The data Block Start
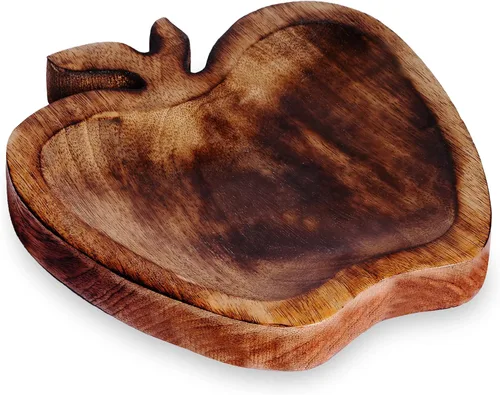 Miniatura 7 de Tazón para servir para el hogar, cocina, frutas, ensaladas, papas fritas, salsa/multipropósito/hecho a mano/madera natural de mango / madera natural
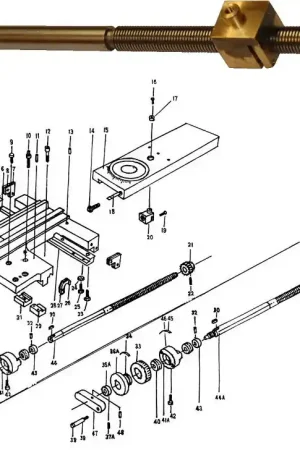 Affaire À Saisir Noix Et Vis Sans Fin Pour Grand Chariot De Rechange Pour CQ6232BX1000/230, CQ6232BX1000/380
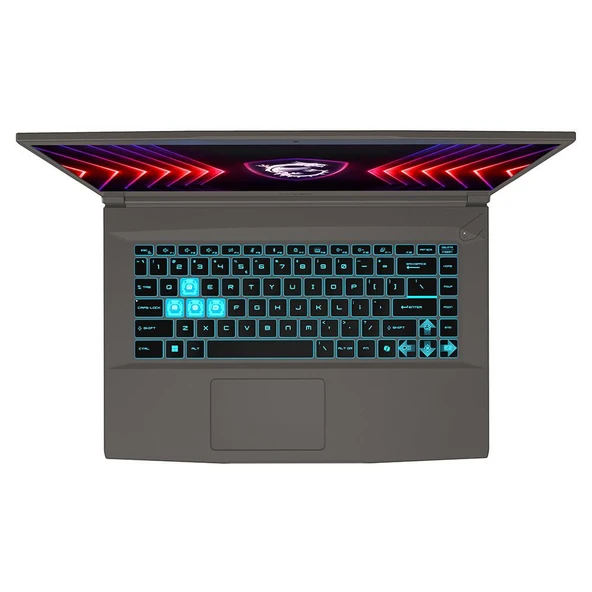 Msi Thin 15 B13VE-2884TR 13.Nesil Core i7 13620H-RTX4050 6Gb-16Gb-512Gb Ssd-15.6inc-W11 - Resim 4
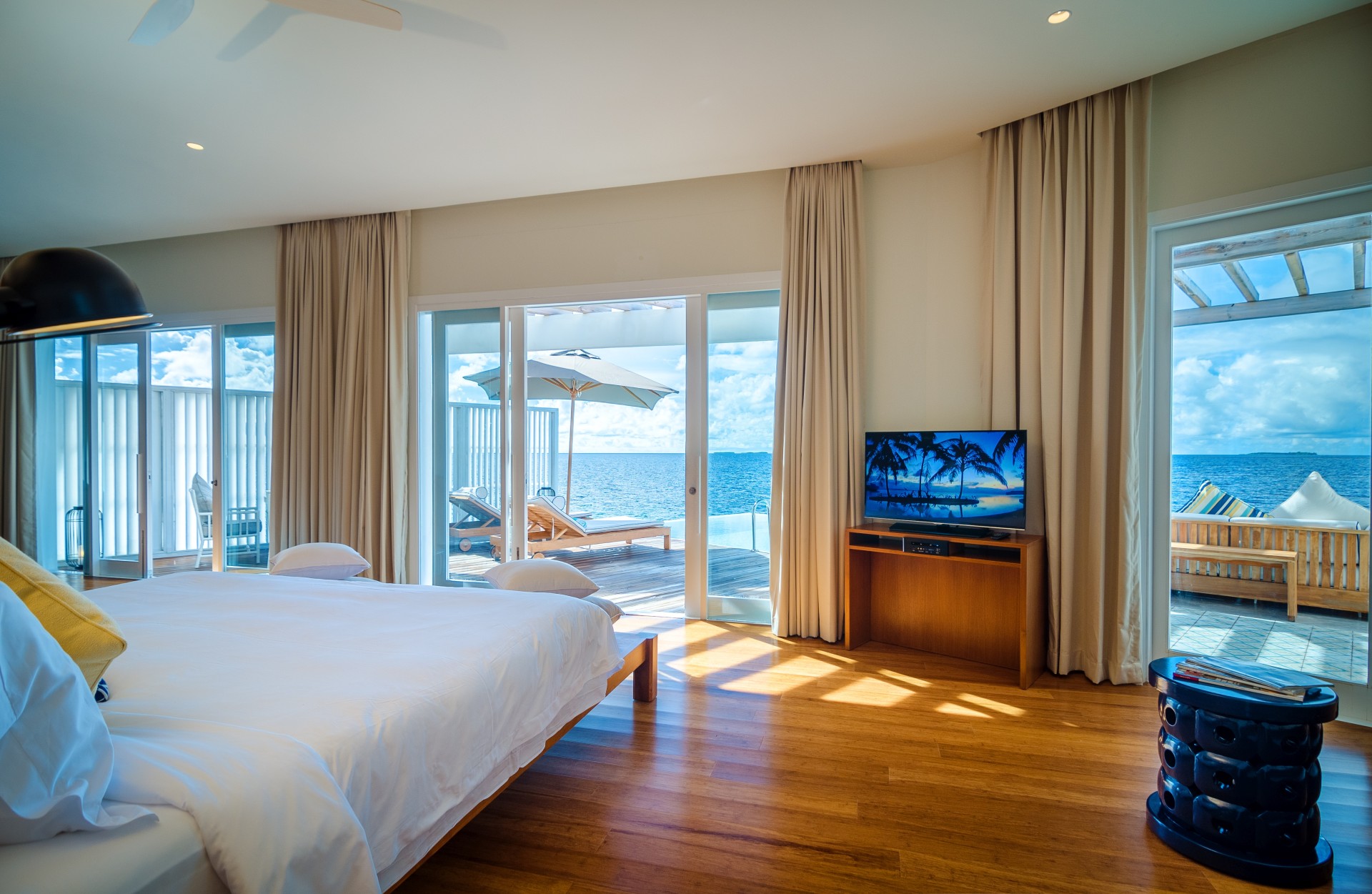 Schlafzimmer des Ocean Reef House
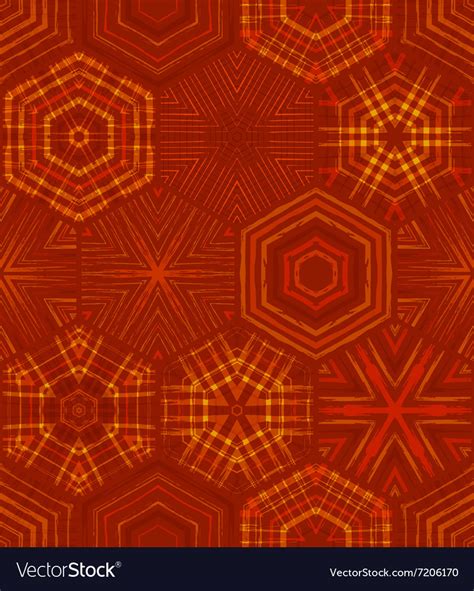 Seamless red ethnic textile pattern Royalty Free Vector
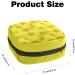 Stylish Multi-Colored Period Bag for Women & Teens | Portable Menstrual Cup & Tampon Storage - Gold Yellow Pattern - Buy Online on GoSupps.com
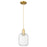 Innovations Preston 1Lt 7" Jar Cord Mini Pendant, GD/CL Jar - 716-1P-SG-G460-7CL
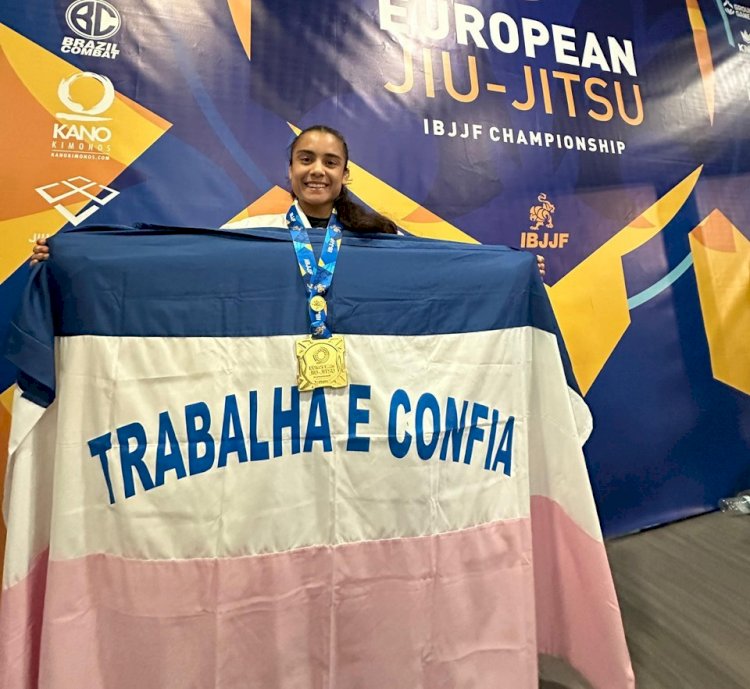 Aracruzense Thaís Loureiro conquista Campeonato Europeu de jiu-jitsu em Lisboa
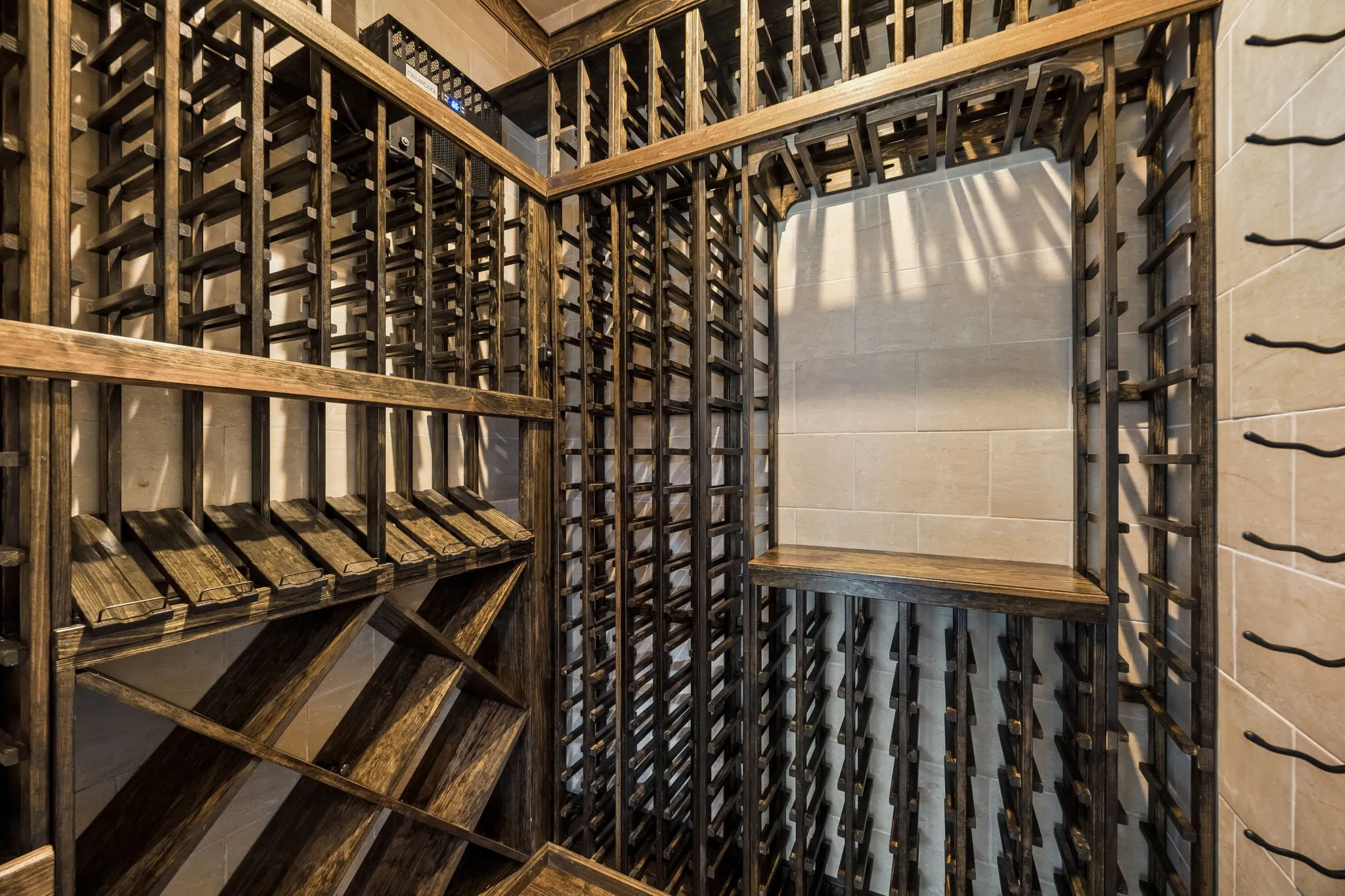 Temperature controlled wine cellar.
The data Block End
The data Block Start
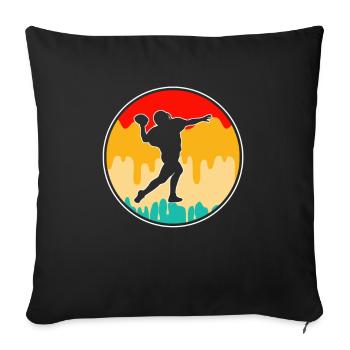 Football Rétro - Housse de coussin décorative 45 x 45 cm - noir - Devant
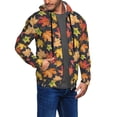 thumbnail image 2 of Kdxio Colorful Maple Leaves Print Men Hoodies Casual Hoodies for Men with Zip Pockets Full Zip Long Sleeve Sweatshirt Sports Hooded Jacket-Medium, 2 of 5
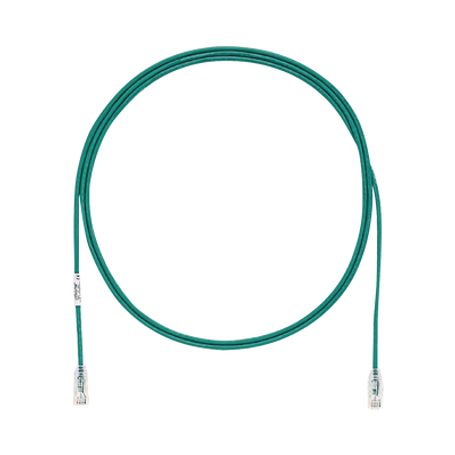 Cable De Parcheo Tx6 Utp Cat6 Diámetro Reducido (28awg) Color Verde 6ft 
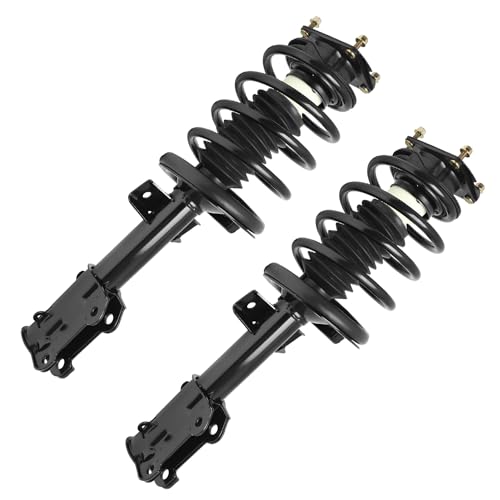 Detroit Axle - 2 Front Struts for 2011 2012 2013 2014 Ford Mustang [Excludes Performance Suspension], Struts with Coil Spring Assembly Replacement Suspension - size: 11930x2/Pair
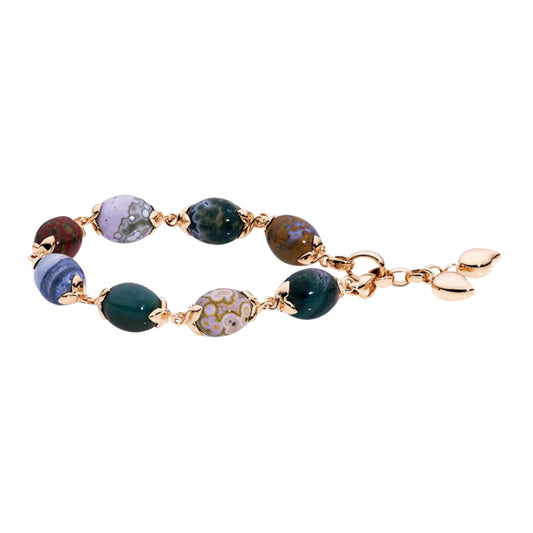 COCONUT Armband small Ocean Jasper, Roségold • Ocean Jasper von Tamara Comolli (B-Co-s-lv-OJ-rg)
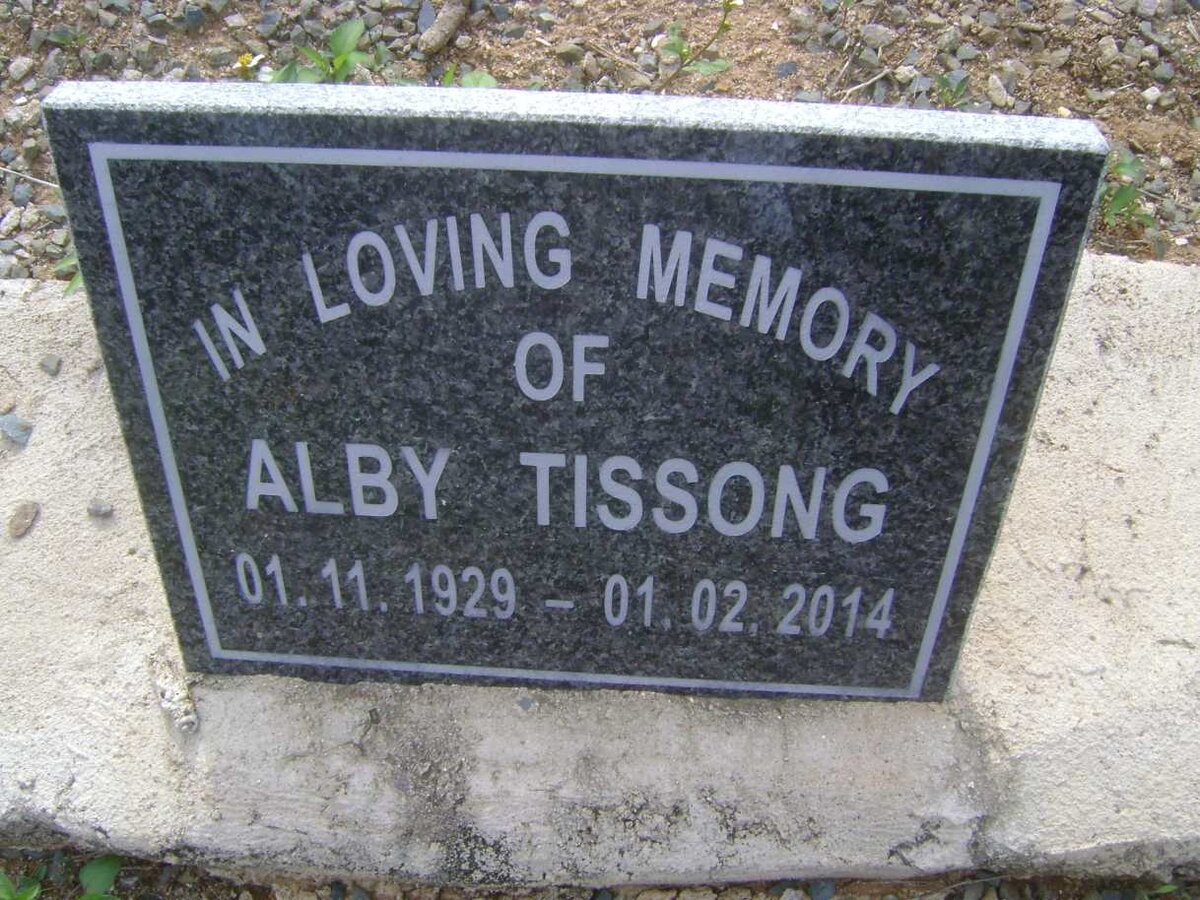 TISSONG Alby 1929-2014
The data Block End
- [Instructions to follow]
In the material above, one part opens with the line containing "Football Rétro - Housse" and closes with the line containing "TISSONG Alby 1929-2014". Write out that part exactly and skip its pictures.

- [Written solution]
 Football Rétro - Housse de coussin décorative 45 x 45 cm - noir - Devant
 thumbnail image 2 of Kdxio Colorful Maple Leaves Print Men Hoodies Casual Hoodies for Men with Zip Pockets Full Zip Long Sleeve Sweatshirt Sports Hooded Jacket-Medium, 2 of 5
 Cable De Parcheo Tx6 Utp Cat6 Diámetro Reducido (28awg) Color Verde 6ft 
 Detroit Axle - 2 Front Struts for 2011 2012 2013 2014 Ford Mustang [Excludes Performance Suspension], Struts with Coil Spring Assembly Replacement Suspension - size: 11930x2/Pair
 COCONUT Armband small Ocean Jasper, Roségold • Ocean Jasper von Tamara Comolli (B-Co-s-lv-OJ-rg)
 TISSONG Alby 1929-2014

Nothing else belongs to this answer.